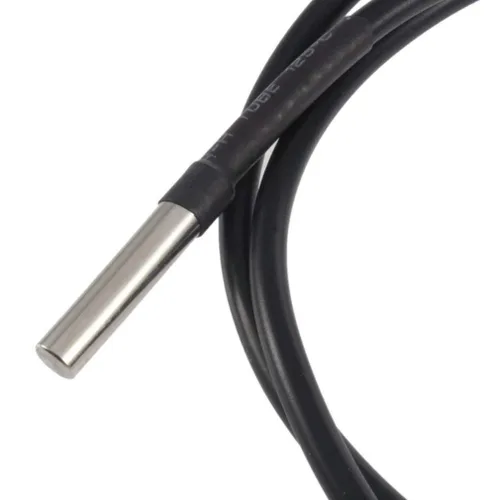 Vista 3 de HiLetgo 5 piezas de sensor de temperatura DS18B20, sonda de temperatura de acero inoxidable, impermeable, paquete de 1 m (paquete de 2)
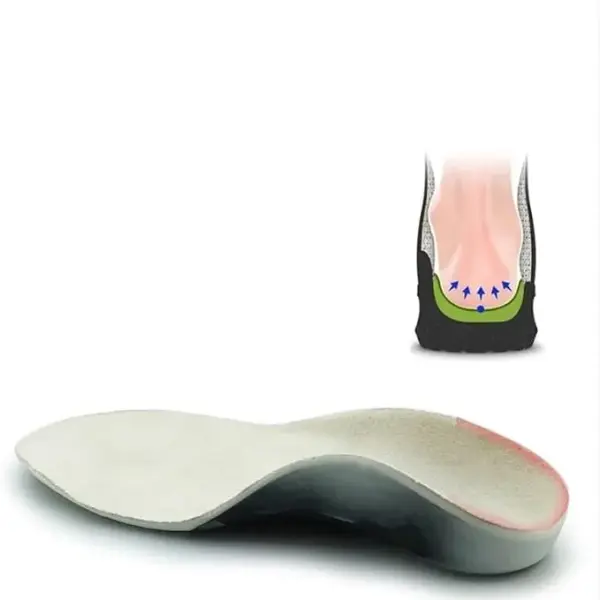 JSEIAJB 3D Orthopedic Insoles Support Flat Foot X/O Leg Orthotic Shoe Heel PU Pad Inserts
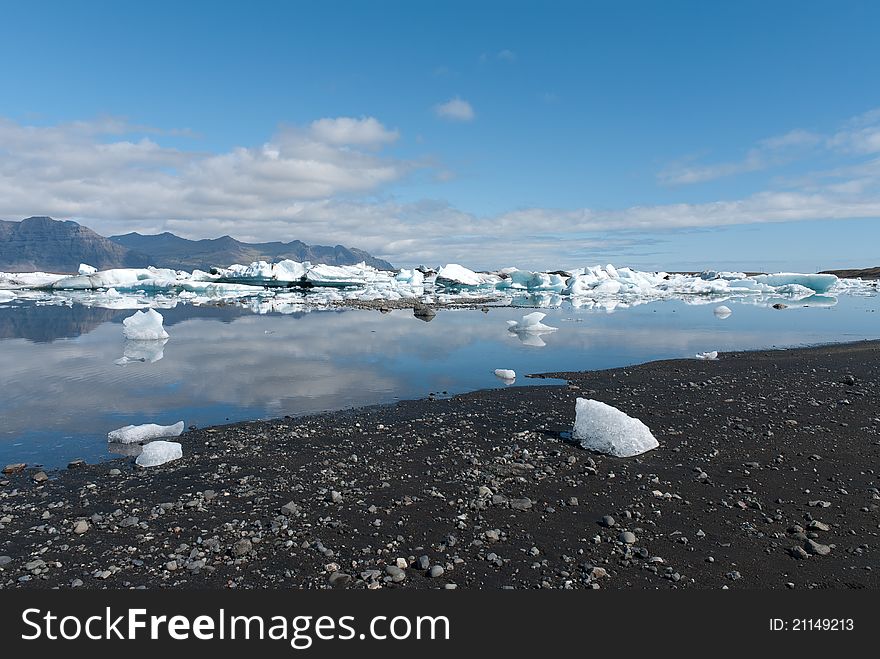 Jokulsarlon Lake In Iceland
-*-
Work order: The whole listing, minus its images, should be repeated exactly.

Result of the exercise:
 Vista 3 de HiLetgo 5 piezas de sensor de temperatura DS18B20, sonda de temperatura de acero inoxidable, impermeable, paquete de 1 m (paquete de 2)
 JSEIAJB 3D Orthopedic Insoles Support Flat Foot X/O Leg Orthotic Shoe Heel PU Pad Inserts
 Jokulsarlon Lake In Iceland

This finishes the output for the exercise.